New Survey Suggests Most People Think Music Talent Shows Like The X Factor Are “Glorified Karaoke Sessions”

While the ratings remain high for TV talent shows like The X Factor and The Voice, it’s no secret that there are many negative feelings towards these shows among viewers.

A recent nationally representative survey of 1,000 people between the ages of 16-35 in the UK, found that 63% of people see The X Factor, at times, as a “glorified karaoke session.”

This survey was conducted for the new talent platform, Salute (which I wrote about before here after recently attending their launch event at London’s Omeara), and was conducted by AudienceNet for market research purposes. Besides this finding, the survey also found that 70% of people agreed that The X Factor “serves to make money for the show’s producers/presenters.”

More survey findings included stats like 46% of people agree that The X Factor takes advantage of vulnerable contestants, only 18% agree that The X Factor “has the contestants’ best interests at heart”, and only 12% of people agreed that The Voice completely “supports its contestants.”

Not only are people fed up with the way that TV talent shows operate, 59% of people agreed that the form of The X Factor is becoming “tired” as opposed to “fresh.” In addition, 55% said that they were interested in a new talent show based around original songwriting talent.

While some of these findings aren’t shocking, what is shocking is that even though most consumers are very aware of the flaws of these shows, no one has tried to come out with a better, yet still mainstream alternative to these TV music talent shows, until now.

In an effort to support talented, young, independent musicians (particularly songwriters) from the UK, a new platform, competition, and TV show called Salute is trying to completely redefine the typical TV talent show. By supporting artists at a grassroots level, Salute is trying to focus the attention back on the strength of the songs rather than shows like The X Factor that just find someone who can sing, regardless of whether they have any songwriting talent or artistic vision.

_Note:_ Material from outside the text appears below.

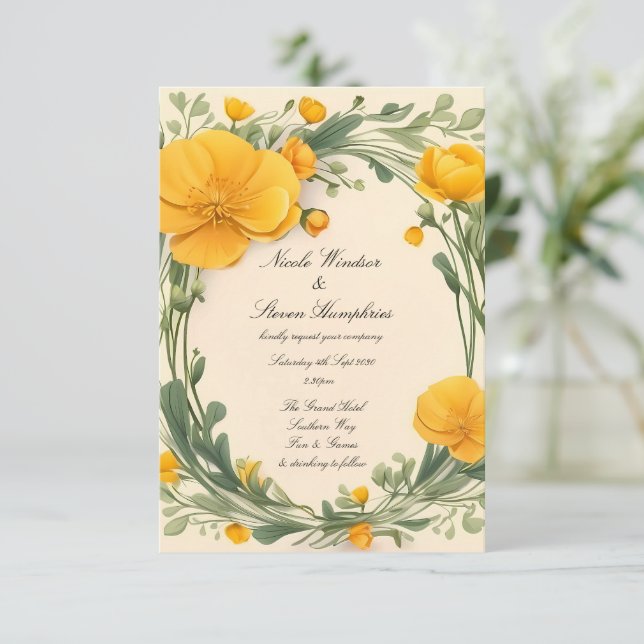 Forever in Bloom Buttercup Wedting (Anverso de pie)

Salute is also getting rid of the toxic motivation to turn contestants into puppets for huge record labels to cash in on. Instead, they will award cash prizes to talented, young songwriters with no strings attached.

Salute is allowing artists to upload their music to the platform and after passing a series of rounds including a highly-qualified judges’ panel and public vote, six artists will be chosen to make it to this new TV show, where each finalist will win £10,000 and the winner will receive an additional £40,000.

In other words, Salute is all about putting the spotlight back on the music and they are aiming to push out all the unnecessary baggage that usually comes with these types of shows and it will be exciting to hear the great, new music and artists that come to the forefront as a result of this new platform.